Swedish Security Service
Säkerhetspolisen (SÄPO)
Coat of arms of Säkerhetspolisen
Agency overview
Formed1 October 1989 (1989-10-01)
Preceding agency
  • National Police Board's Department of Security
HeadquartersBolstomtavägen 2, Solna, Sweden
59°21′09.5″N 18°00′38.3″E
EmployeesApproximately 1,100 (2014)[1]
Annual budgetSEK 1.56 billion (2019)[2]
Minister responsible
Agency executive
Parent agencyMinistry of Justice
Websitewww.sakerhetspolisen.se/en/swedish-security-service.html

The Service was, in its present form, founded in 1989, as part of the National Police Board and became an autonomous police agency on 1 January 2015.[10][11] National headquarters are located at Bolstomtavägen[12] in south-east Solna since 2014, drawing together personnel from five different locations into a single 30,000 m2 (320,000 sq ft) HQ facility.[13][14]

History

Lt Col Adlercreutz, credited with the formation of the General Security Service in 1938

The origins of the Swedish Security Service is often linked to the establishment of a special police bureau (Polisbyrån) during the First World War in 1914, which reported directly to the General Staff, predecessor of the Office for the Supreme Commander of the Armed Forces.[15][16] The bureau's main mission was protecting national security (e.g. counter-espionage), and its first chief was Captain Erik af Edholm.[16] Operations shut down after the end of the war in 1918, although some intelligence activities carried on at the Stockholm police, managed by a small group of approximately ten police officers led by Chief Superintendent Eric Hallgren, who later was to become the first chief of the General Security Service (Allmänna säkerhetstjänsten).[15][17] Operations were mainly focused on monitoring communists from the start of the war until the early 1930s, when the service also began to focus on Nazis.[18]

In 1932, operations were transferred to the newly formed State Police (statspolisen).[15] The group of officers working at the State Police did not have the means to monitor phone calls or to intercept and open mail.

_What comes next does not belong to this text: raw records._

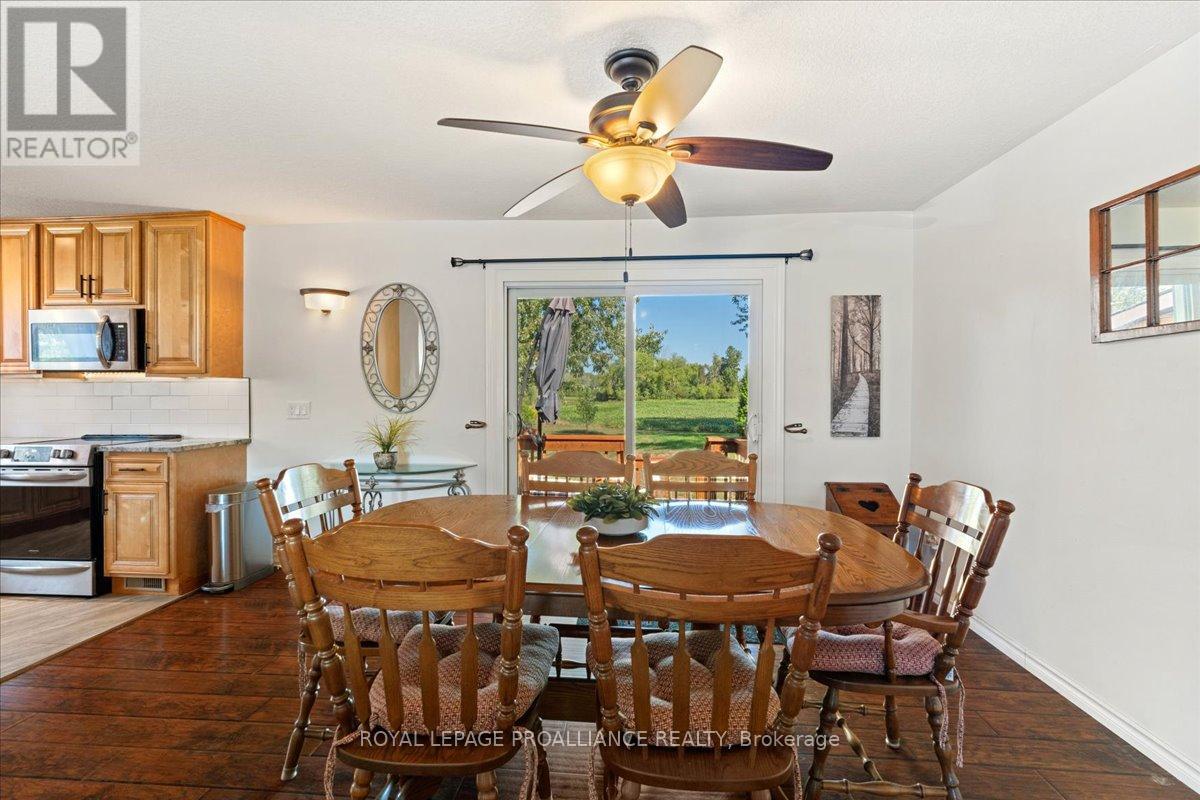 558 Aikins Road, Quinte West, Ontario  K8N 4Z2 - Photo 11 - X12391211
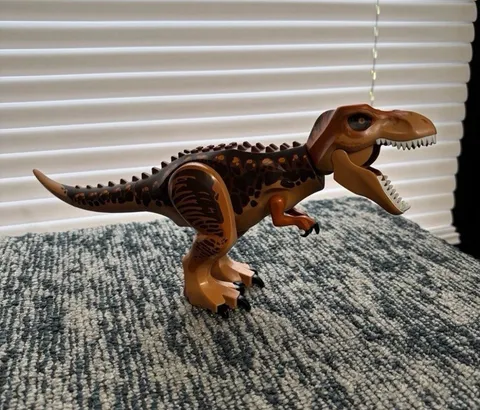LEGO Jurassic World T. Rex Tyrannosaurus Rex Dinosaur Figure 2010 Tracker 75918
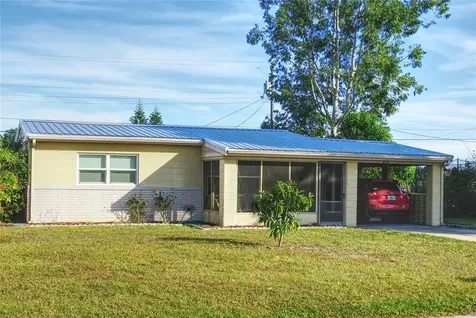 233 Raymond Avenue Frostproof FL 33843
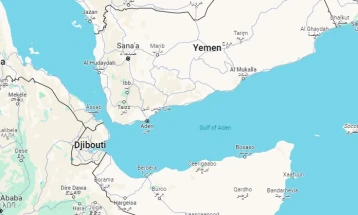 Një anije britanike e mallrave dëmtohet nga sulmi me dron në brigjet e Jemenit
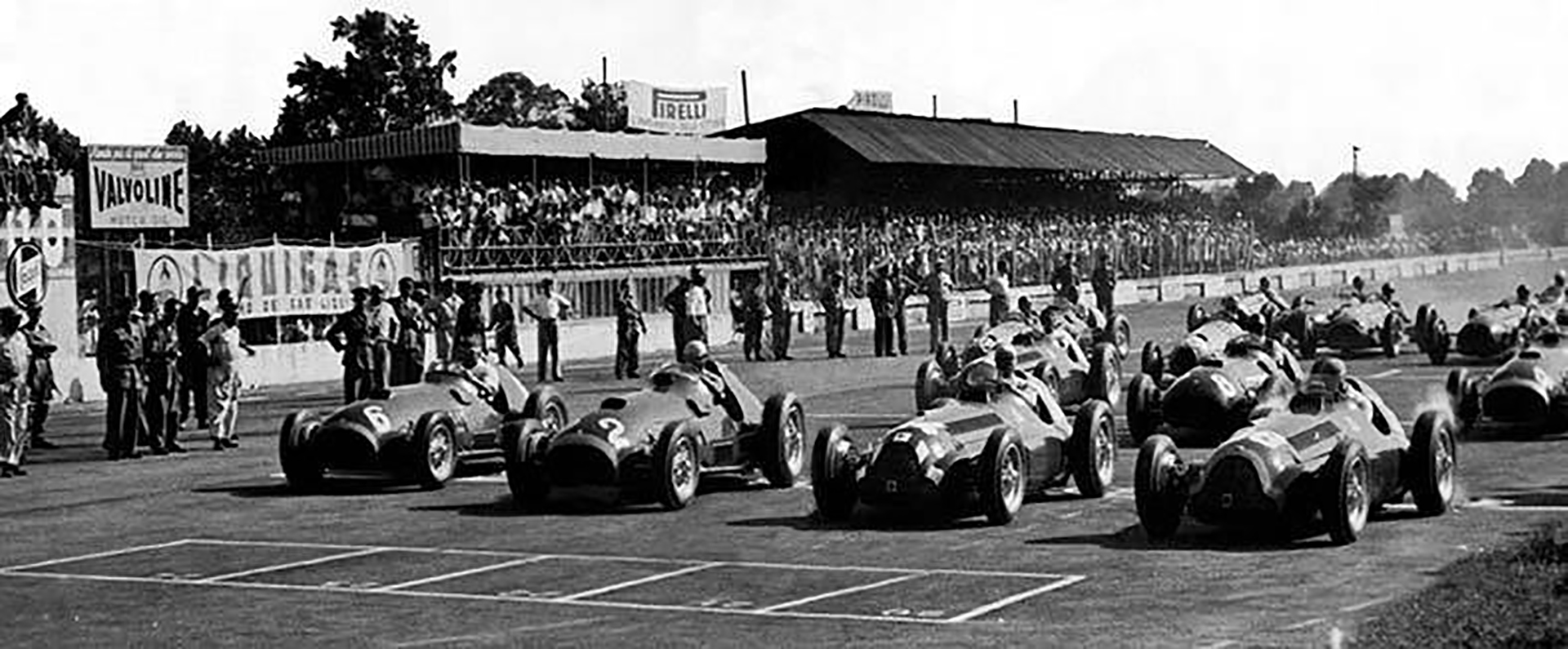 Largada de Monza en 1951. De derecha a izquierda: Fangio, Farina, Ascari y González (Facebook Museo Fangio).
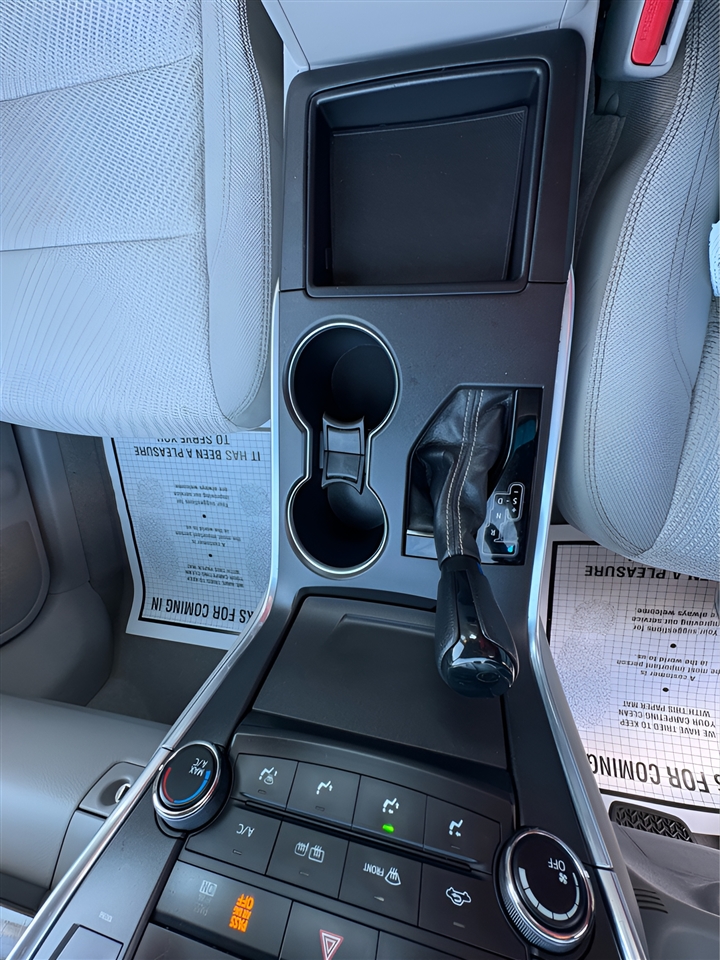 Toyota Camry 4dr Sdn I4 Auto LE (Natl) 2015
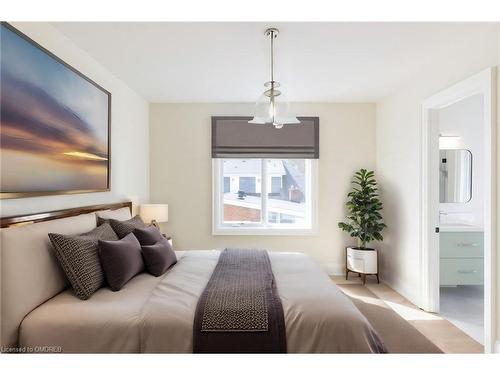 2435 Applewood Drive, Oakville, ON - Indoor Photo Showing Bedroom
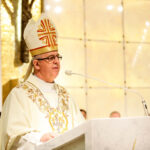 20.5.2016 Kielce. Uroczystą mszą świętą rozpoczęło się w Kielcach spotkanie Szkolnych Kół Caritas. / Wojciech Habdas / Radio Kielce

This, and the general lack of staff and financial resources worried the chief of Sweden's military intelligence, Lieutenant-Colonel Carlos Adlercreutz, who felt the country needed a more powerful security agency if Europe once again ended up in war. Thus, in 1938 the General Security Service was formed, following an initiative by Adlercreutz and Ernst Leche at the Ministry of Justice, among others.[19] The entire organisation and its activities were top-secret. During the Second World War the agency monitored about 25,000 phone calls and intercepted over 200,000 letters every week.[20] In 1946, following a post-war parliamentary evaluation, operations were significantly reduced and once again organised under the State Police, mainly tasked with counter-espionage.[15][21] In 1965, the Swedish police was nationalized, and all work was organised under the National Police Board in the Department of Security (Rikspolisstyrelsens säkerhetsavdelning, abbreviated RPS/SÄK).[22][23]

Stig Wennerström, convicted Soviet spy, c. 1960

The period between 1939 and 1945 was marked with extensive foreign intelligence activity in Sweden, resulting in the arrest of numerous spies and enemy agents. Some of the most notorious post-war spies are Fritiof Enbom, Hilding Andersson, Stig Wennerström and Stig Bergling. In all of these cases the spying was done on behalf of the Soviet Union and the spies were convicted to life in prison.[15]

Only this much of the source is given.